Há exatamente dez anos, o guitarrista falecia, aos 58 anos, vítima de um câncer. O filme de Scorsese não se debruça apenas na produção musical de Harrison, embora ela ocupe, é claro, um papel definitivo na sua vida. “Todas as relações de George foram estabelecidas a partir da música”, diz Olívia, esposa do guitarrista. No entanto, talvez o mais curioso seja a forma como George vivia no “mundo material”. Em meio ao frenesi em torno dos Beatles, ele tinha uma rotina extremamente espiritualizada. Meditava todos os dias e era amigo íntimo do músico indiano Ravi Shankar.

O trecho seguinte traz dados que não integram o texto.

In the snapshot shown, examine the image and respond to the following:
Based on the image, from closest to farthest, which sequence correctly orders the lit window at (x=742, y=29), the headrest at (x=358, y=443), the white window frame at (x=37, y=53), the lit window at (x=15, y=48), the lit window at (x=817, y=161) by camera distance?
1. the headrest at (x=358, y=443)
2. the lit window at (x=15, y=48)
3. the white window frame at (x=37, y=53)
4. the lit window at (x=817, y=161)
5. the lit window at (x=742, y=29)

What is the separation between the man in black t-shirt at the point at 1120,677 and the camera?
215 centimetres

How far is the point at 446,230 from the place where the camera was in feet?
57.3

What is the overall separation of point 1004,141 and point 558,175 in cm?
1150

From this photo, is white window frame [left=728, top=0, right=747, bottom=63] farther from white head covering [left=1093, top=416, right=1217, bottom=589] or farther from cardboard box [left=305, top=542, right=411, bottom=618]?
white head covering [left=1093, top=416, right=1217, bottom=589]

Conhecido como o beatle quieto, Harrison é visto também como o integrante mais amoroso e amigável. Mas, não deixava de protagonizar momentos mais raivosos. Com depoimentos de Olivia e Dhani Harrison, dos músicos Eric Clapton, Paul McCartney, Ringo Starr, da ex-mulher Pattie Boyd, do diretor Terry Gilliam, entre outros amigos, a produção tem quase três horas e meia.

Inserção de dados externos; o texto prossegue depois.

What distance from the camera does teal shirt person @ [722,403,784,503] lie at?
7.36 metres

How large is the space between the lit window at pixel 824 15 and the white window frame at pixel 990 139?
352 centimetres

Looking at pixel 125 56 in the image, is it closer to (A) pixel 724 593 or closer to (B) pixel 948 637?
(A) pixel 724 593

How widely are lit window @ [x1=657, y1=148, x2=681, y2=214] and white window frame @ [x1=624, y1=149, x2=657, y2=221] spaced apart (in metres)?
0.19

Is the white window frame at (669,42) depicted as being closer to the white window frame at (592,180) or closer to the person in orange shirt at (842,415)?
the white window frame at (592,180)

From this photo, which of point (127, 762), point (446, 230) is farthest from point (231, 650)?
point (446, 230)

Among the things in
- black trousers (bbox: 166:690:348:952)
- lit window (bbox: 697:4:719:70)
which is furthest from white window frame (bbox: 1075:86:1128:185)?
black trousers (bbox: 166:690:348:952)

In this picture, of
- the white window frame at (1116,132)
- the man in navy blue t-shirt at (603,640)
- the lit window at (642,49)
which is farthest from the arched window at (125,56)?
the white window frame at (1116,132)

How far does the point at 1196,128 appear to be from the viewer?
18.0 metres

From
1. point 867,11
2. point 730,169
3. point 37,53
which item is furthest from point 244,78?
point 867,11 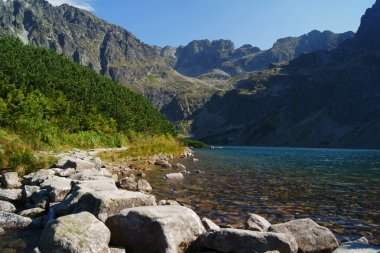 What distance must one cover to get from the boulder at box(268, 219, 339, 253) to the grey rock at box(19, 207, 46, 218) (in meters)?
9.69

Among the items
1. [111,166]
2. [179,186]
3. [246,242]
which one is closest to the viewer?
[246,242]

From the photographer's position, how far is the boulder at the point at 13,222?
1393 cm

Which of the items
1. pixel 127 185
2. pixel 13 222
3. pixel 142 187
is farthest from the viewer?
pixel 142 187

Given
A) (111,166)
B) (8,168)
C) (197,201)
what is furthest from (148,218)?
(111,166)

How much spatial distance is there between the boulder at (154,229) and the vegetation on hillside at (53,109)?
15947mm

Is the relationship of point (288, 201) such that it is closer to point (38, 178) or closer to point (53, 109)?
point (38, 178)

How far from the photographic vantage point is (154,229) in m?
11.0

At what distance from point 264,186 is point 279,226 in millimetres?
18315

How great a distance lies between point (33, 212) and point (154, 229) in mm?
7412

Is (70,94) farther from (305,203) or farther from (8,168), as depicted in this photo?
(305,203)

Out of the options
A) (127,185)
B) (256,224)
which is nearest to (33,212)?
(127,185)

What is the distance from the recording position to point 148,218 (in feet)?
36.9

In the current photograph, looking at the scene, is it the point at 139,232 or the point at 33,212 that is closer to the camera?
the point at 139,232

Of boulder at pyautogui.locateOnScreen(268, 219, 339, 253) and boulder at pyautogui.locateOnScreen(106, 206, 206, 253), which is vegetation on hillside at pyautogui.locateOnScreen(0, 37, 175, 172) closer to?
boulder at pyautogui.locateOnScreen(106, 206, 206, 253)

É um filme sobre um homem quieto e recluso, que aprendeu a lidar com a fama e encontrou na religiosidade indiana um conforto para a vida terrena, era um Hare Krishna de cabelos grandes e barbas. Um músico extremamente inventivo, um bom amigo, um pai protetor e um marido que amava as mulheres. Pelo menos essa é a resposta de Olívia ao ser questionada sobre as puladas de cerca: “George amava as mulheres e elas também amavam ele”.
Depois de ter dirigido No direction home (2005), documentário sobre Bob Dylan e Shine a light (2008), sobre os Rolling Stones, Scorsese foi convidado por Olívia, produtora executiva, para liderar o projeto. Living in the material world tem os seus momentos confusos e deixa de fora algumas explicações. O fim da relação entre Pattie e George e o casamento dela com o amigo do músico, Eric Clapton, por exemplo, é tratado através de vários olhares controversos.
Embora comente a origem da composição de My sweet lord, não há nenhuma menção ao plágio, pelo qual George foi acusado. Em compensação, Scorsese dá aos espectadores ótimos depoimentos, como o de Paul McCartney tentando justificar a sua liderança nos Beatles ou de Ringo Starr falando das últimas palavras que escutou do amigo.
Atrás de flores vermelhas, George encara a câmera com desconfiança. É dessa forma que Scorsese inicia e termina a obra, com a imagem do beatle quieto, que soube conciliar as cobranças do mundo material e as conquistas de uma cultura espiritualizada.